Why I'll Refuse to Fight in This Immoral War
By George Solomou
The Independent U.K.
Friday 21 January 2005
Every individual soldier has the moral right to decide whether he will put his life on the line.
Earlier this week, I came out publicly against the war in Iraq. I'm not the only member of the Labour Party to be opposed to our military participation in this American-led adventure, nor am I the only soldier. In fact, there growing vocal minority within the Territorial Army that is against the war. Nonetheless I am the first one to make it clear, in public, that if called to serve in Iraq, I will refuse.
This has not been a decision arrived at impulsively. I have never believed in the rightness of this war; in fact I was on the big anti-war March in February 2003. Even then - before the absence of the weapons of mass destruction that Prime Minister Blair and President Bush cited as the principal reason to rush to war was admitted by all - I was astounded that they could take us to war when it was clear the majority of the population was opposed. Members of the Labour Party at the time were talking about practicing an "ethical foreign policy", and yet there was nothing ethical about the way this was being planned and sold to the public.
It was not as though there was no alternative at the time. Hans Blix, the chief UN weapons inspector, and UN Secretary General Kofi Annan had both pressed for more time before the final decisions were taken. And much of the rest of the world, both governments and their peoples, were saying, "Let's get this investigation sorted before we start blowing up human beings."
I could have quietly left the Army then, without fuss; you can resign from the Territorial Army if you've not actually been called up to serve in action. But from boyhood I had wanted to be a soldier; in fact, when I was 22 I had taken advantage of my dual Cypriot-British citizenship, and done national service for the Greek army in Cyprus. Later I had joined the TA, as a medic, and I was proud to be a part of that institution, and bound to my friends and comrades there, some of whom agreed with me about the futility, immorality and illegality of the war. None of us had been called up yet, so we succumbed to the all too human temptation to put off the evil day until it was upon us. In the end, quite a few did resign, and others who were called up deliberately failed their medical examinations.

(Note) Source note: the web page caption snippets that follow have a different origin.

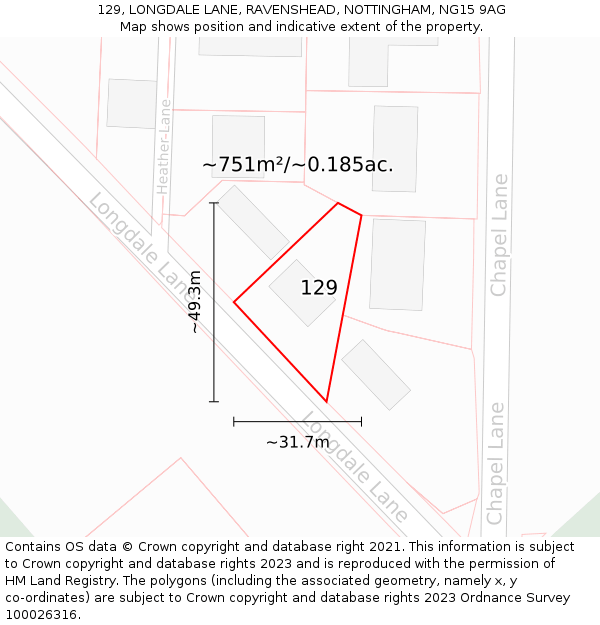 129, LONGDALE LANE, RAVENSHEAD, NOTTINGHAM, NG15 9AG: Plot and title map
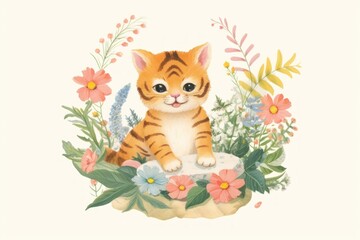 Fototapeta premium Baby tiger in flower garden animal mammal plant.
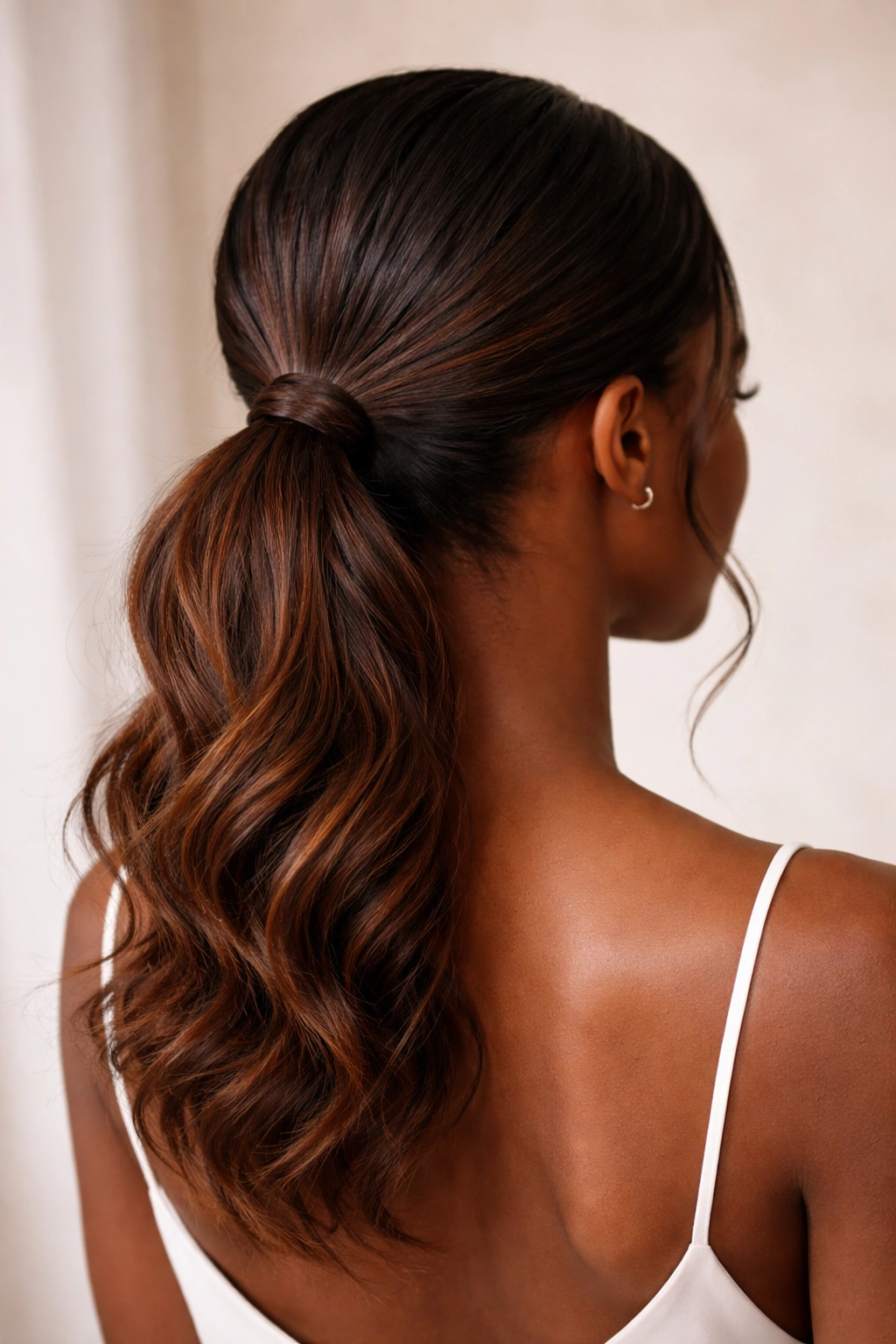 Low ponytail at nape with textured ends in warm brown tones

But although I stayed on a while longer, in the last year, when two of my comrades returned wounded, I began thinking seriously about what I could do to help end this continuing war. I began to do a lot of research, learning everything I could about the illegality and immorality of our occupation of Iraq. And I started to go on the anti-war demos that continue around the country. I listened to peace campaigners and soldiers who had been out there, and MPs like George Galloway. I would recommend similar research to any soldier who is having doubts about the war.
Finally, one day about a month ago, I stood up at a demo in my local London borough of Hackney and just said "I want to get out of this, but what can I do?" It became clear that working with Military Families Against the War, I could make public my despair, my anger and my intention to refuse any call-up to serve in Iraq.
I wanted to leave the TA in the public way I have because, although so many solders are against this war, they don't have a rallying point. There has to be someone who is the first to go. After that, there will be another and another and another. They're out there, the soldiers who want to make plain their refusal to part of this illegal war - I know, I've talked to them.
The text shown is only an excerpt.